Oil and gas companies are facing competition from renewable energy and electric vehicles, a global campaign against the use of plastics and increasingly stringent climate targets. In the face of these challenges, shareholders want them to prioritize returns to investors rather than endless growth.
Most oil and gas companies are jeopardizing shareholder returns by rewarding bosses for endlessly chasing growth in a world where pressure to meet climate targets and sharp falls in renewables costs are set to eat into future demand. And the group warns that companies may have to shrink in order to offer the highest returns to shareholders . It analyzed the link between remuneration policies and total shareholder returns after the 2014 crash and found companies that rewarded growth were outperformed by those that rewarded financial returns.
The report was released in advance of the annual meeting season and shows that policies which incentivize production growth and reserves can deliver less value to investors than schemes which reward top executives for delivering financial returns.
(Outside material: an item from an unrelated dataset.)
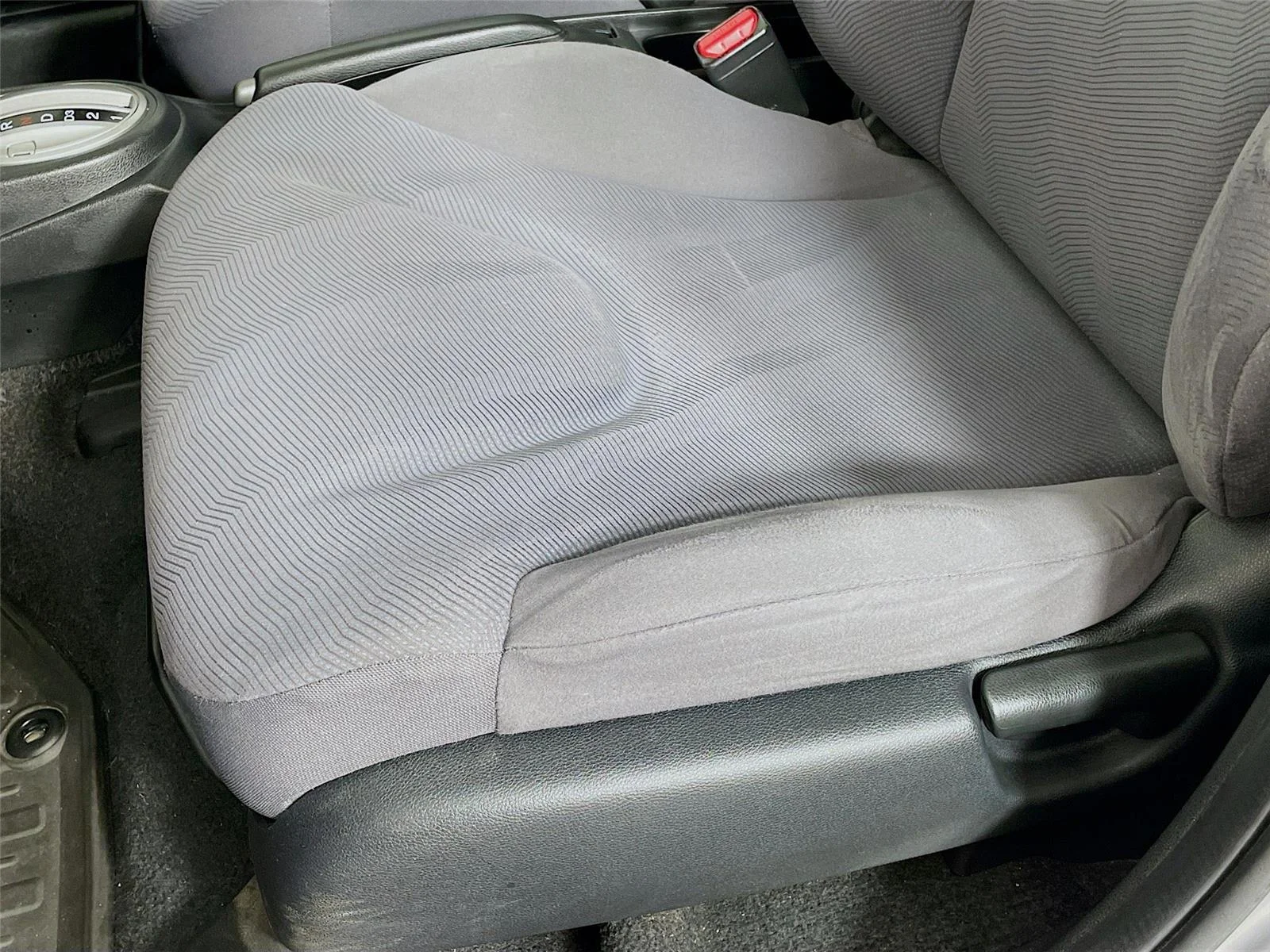 Used 2009 Storm Silver Metallic Honda BASE image 21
Andrew Grant, senior analyst at Carbon Tracker and author of the report, said: “The vast majority of oil and gas companies incentivize their executives to chase growth — behavior that risks destroying value given uncertainty over future demand. This report provides shareholders with the ammunition they need to challenge this approach and press for remuneration policies which reward executives for delivering solid financial returns.”
Carbon Tracker found that:
- 92% of 2017 incentive schemes rewarded executives for either increasing production, growing reserves/resources volumes, or both, although companies are increasingly moving away from this model;
- Only one company, US-based Diamondback Energy, does not reward growth, incentivizing executives purely on controlling costs and improving financial returns;
- Four companies have no direct incentives for growth, but include other measures which indirectly reward growth: Equinor (although only in a minor element), BP, Galp Energia and Origin Energy;
- Nine companies include metrics related to mitigating climate change — Shell, Equinor, Repsol, Eni, CNRL, ExxonMobil, Suncor, Total and BP — but this affects only a small proportion of remuneration, and most still simultaneously reward fossil fuel growth.